Selama ini penanggulangan terorisme hanya menjadi tanggungjawab pemerintah, keterlibatan masyarakat secara umum termasuk di dalamnya para tokoh agama belum banyak. Karena itu untuk menggerakkan masyarakat supaya bersama-sama melakukan penanggulagan terhadap terorisme maka para tokoh agama bisa masuk melalui pemberian materi dalil-dalil agama yang memerintahkan umat Islam untuk merawat perdamaian, memerangi tindakan brutal dan segala perbuatan kerusakan di muka bumi.

Abu Hamid al-Ghazali (W. 1111), sarjana muslim yang karya-karyanya banyak dipelajari umat Islam Indonesia dalam Ihya` ‘Ulumiddin, menjelaskan bahwa tidakan brutal dan berbuat kerusakan bagian dari kejahatan yang harus segera dihentikan. (2004, II, 387-388). Terorisme yang kian hari masih terus menghantui masyarakat bisa didekati dengan meminjam konsep kemungkaran yang dikonsepsikan al-Ghazali, yakni kemungkaran yang harus segera dihilangkan dengan melibatkan pemerintah dan masyarakat dengan caranya masing-masing.

Umat Islam yang ajaran agamanya kerap disalahpahami teroris bisa melakukan counter attack dengan merumuskan kembali fikihnya dan menawarkan fikih baru anti terorisme, lalu hasilnya dijadikan kurikulum di sekolah, materi ceramah, khutbah, dan yang lainnya.

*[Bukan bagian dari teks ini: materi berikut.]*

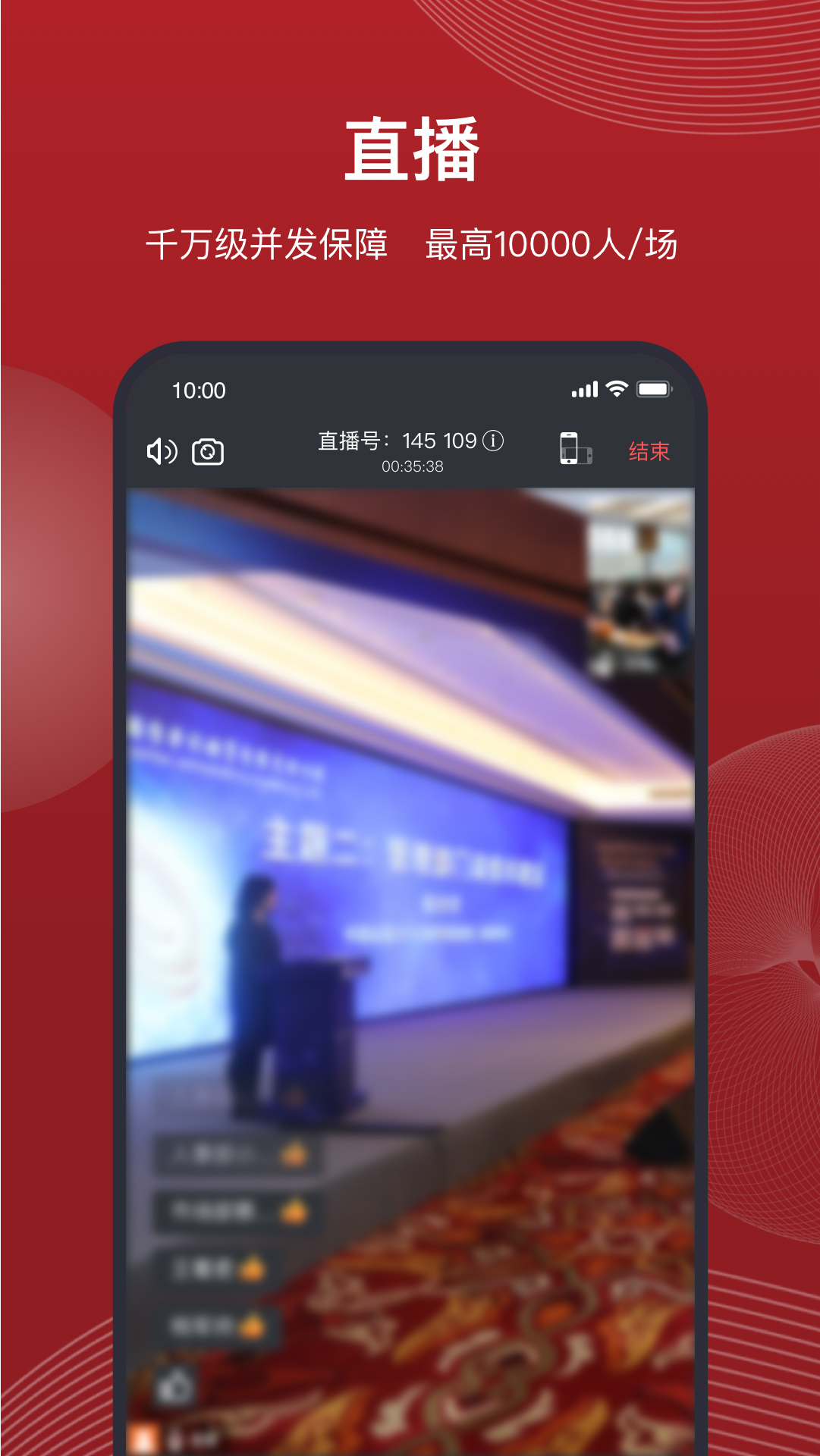 中债e联 截图 3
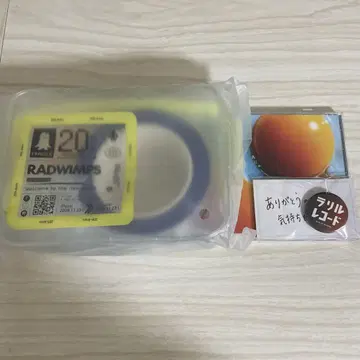RADWIMPS 20th Anniversary 굿즈, CD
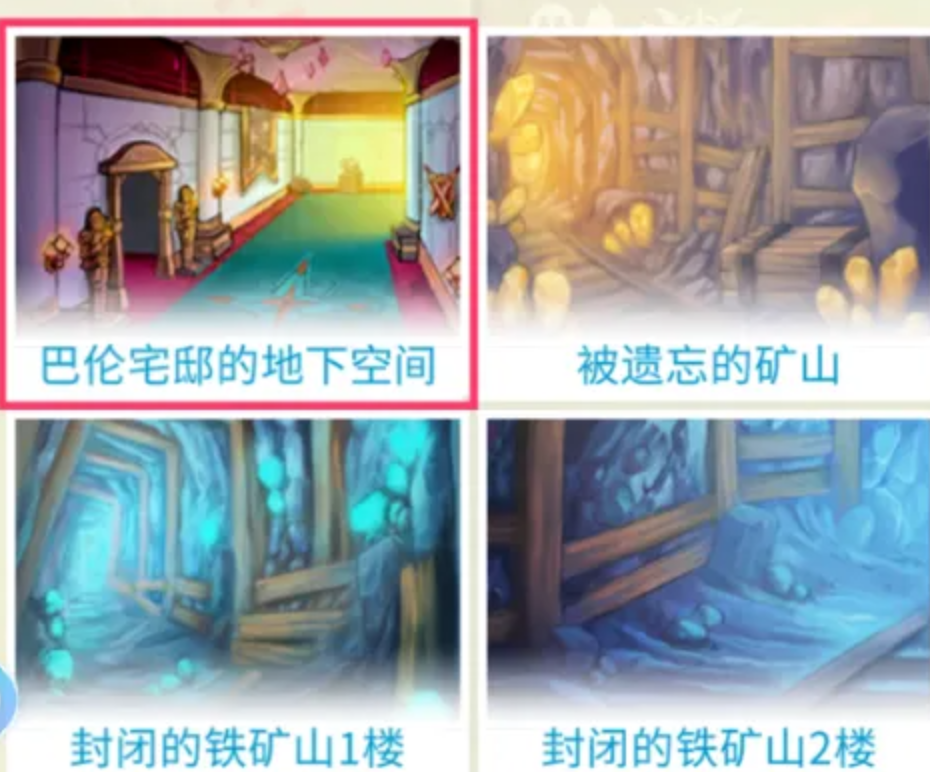 露娜蓝色大陆道具副本材料与装备修复介绍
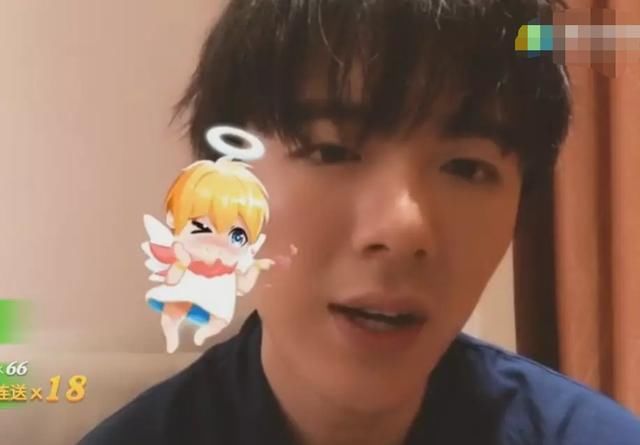 摩登兄弟人名信息被搞错节目组官微公开道歉，宇宁开播回应黑粉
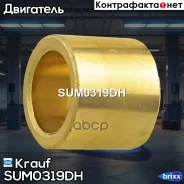 ������ �������� Krauf ���. SUM0319DH SUM0319DH ����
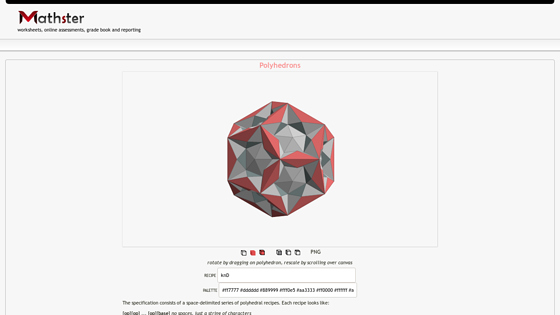 Polyhedra Explorer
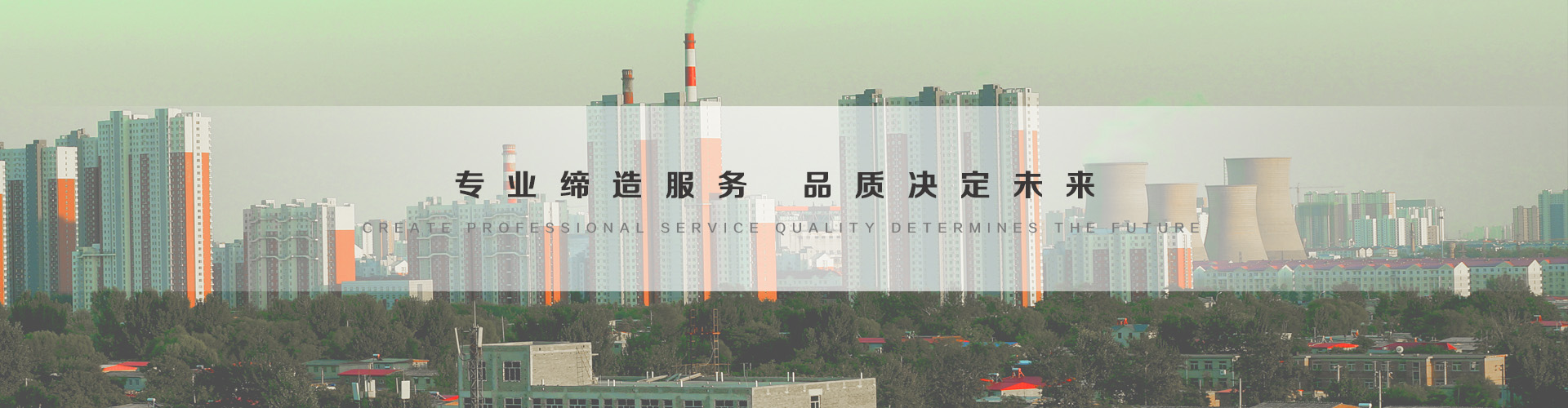 当阳3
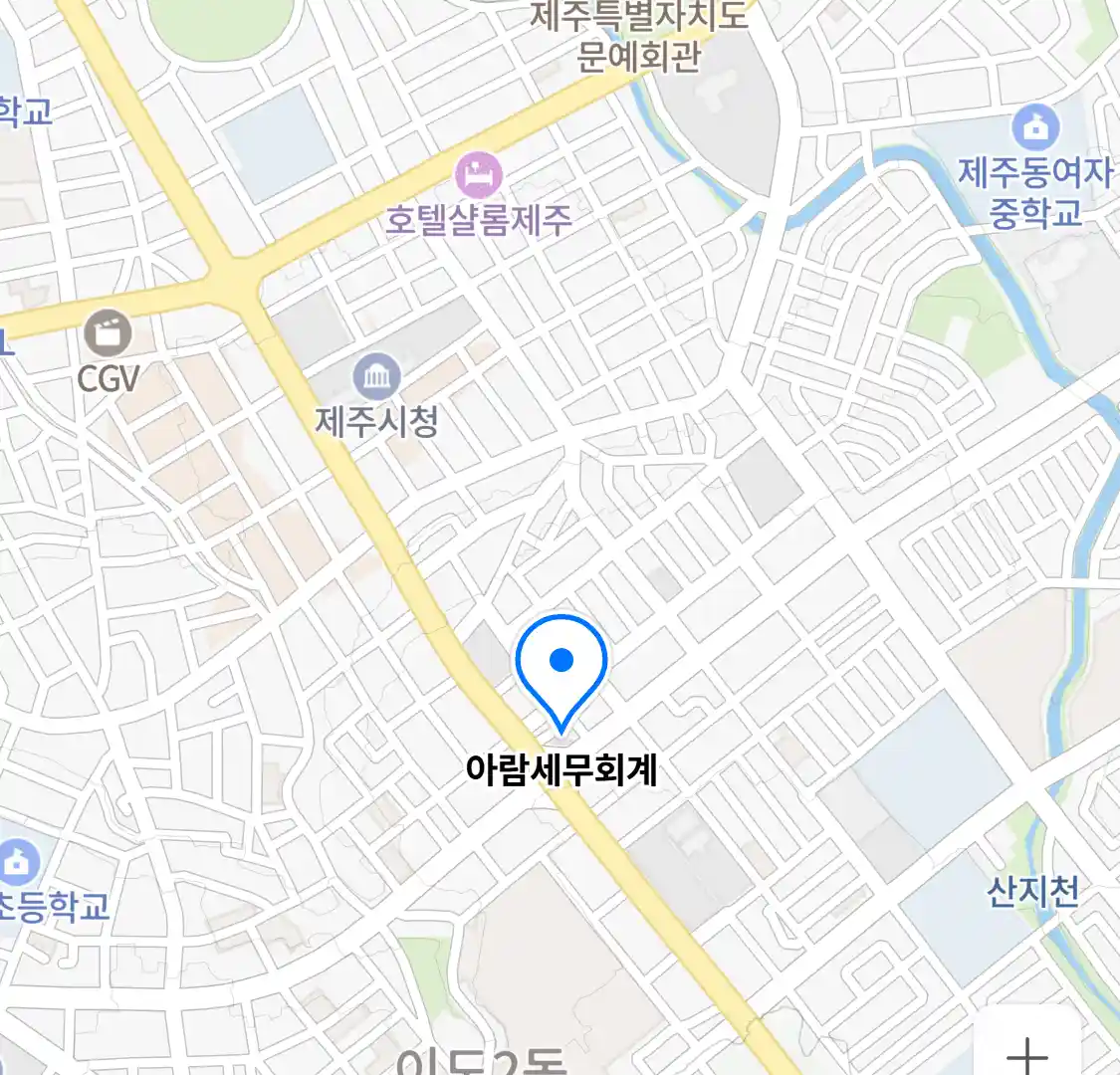 아람세무회계 위치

Dengan demikian kekuatan umat Islam yang berjumlah mayoritas di negeri ini dapat memberikan kontribusi yang berarti bagi terawatnya perdamaian dan keamanan bangsa. Ajaran-ajaran Islam yang kian hari menarik perhatian masyarakat perkotaan, pada akhirnya tidak hanya berbicara halal dan haramnya makanan saja, tapi juga memberikan pengajaran yang konkrit terhadap pencegahan dan penanggulangan terorisme serta tegas mengharamkan tindakan teror dan kekerasan dalam bentuk apapun.